Quantos às exportações, que também foram alvo de comparação na última semana, o professor da Unicamp explica que elas são importantes, mas devem ser vistas como um mecanismo complexo, uma vez que é necessário estabelecer relação com as importações: a tão famosa balança comercial. É bem verdade que a diversidade de produtos exportados pelo Brasil é muito maior que a dos argentinos, mas não se pode ignorar o comportamento da diplomacia de nossos vizinhos com seus parceiros, que traz resultados, diferentemente da conflituosa relação imposta pelo Itamaraty, sob o comando de Jair Bolsonaro, aos países que compram os produtos produzidos aqui.

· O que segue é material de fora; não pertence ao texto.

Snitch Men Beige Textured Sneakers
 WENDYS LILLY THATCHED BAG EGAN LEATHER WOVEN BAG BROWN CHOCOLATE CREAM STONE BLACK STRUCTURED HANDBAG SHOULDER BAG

“A pauta de exportações da Argentina é muito mais concentrada em poucos produtos do que a pauta de exportações do Brasil e com isso ela está sendo muito beneficiada com a alta das commodities agrícolas, já que ela basicamente exporta carne e soja. Isso tá impondo uma influência positiva por conta dos preços internacionais. Além disso, nós temos uma série de problemas nas exportações brasileiras, como o embargo à carne brasileira pela China e agora provavelmente pela União Europeia também, fruto de um descaso diplomático do Brasil em relação à China e ambiental em relação aos europeus. É mais uma vez a retórica desse governo atual atrapalhando muito a inserção internacional do Brasil nesses mercados. Deixa o país à mercê de certos processos de embargo, contribuindo para o não crescimento das exportações brasileiras. Não devemos deixar de lembrar que, no caso dos argentinos, embora as exportações tenham sido altas, as importações foram superiores, ou seja: em termos de importância para o crescimento econômico do país não foi tão relevante assim, em decorrência do déficit comercial argentino. Mas não dá para deixar de ver que aí há uma questão de pragmatismo e de empenho do governo argentino para com seus parceiros internacionais, o que a gente não vê no Brasil”, concluiu o economista.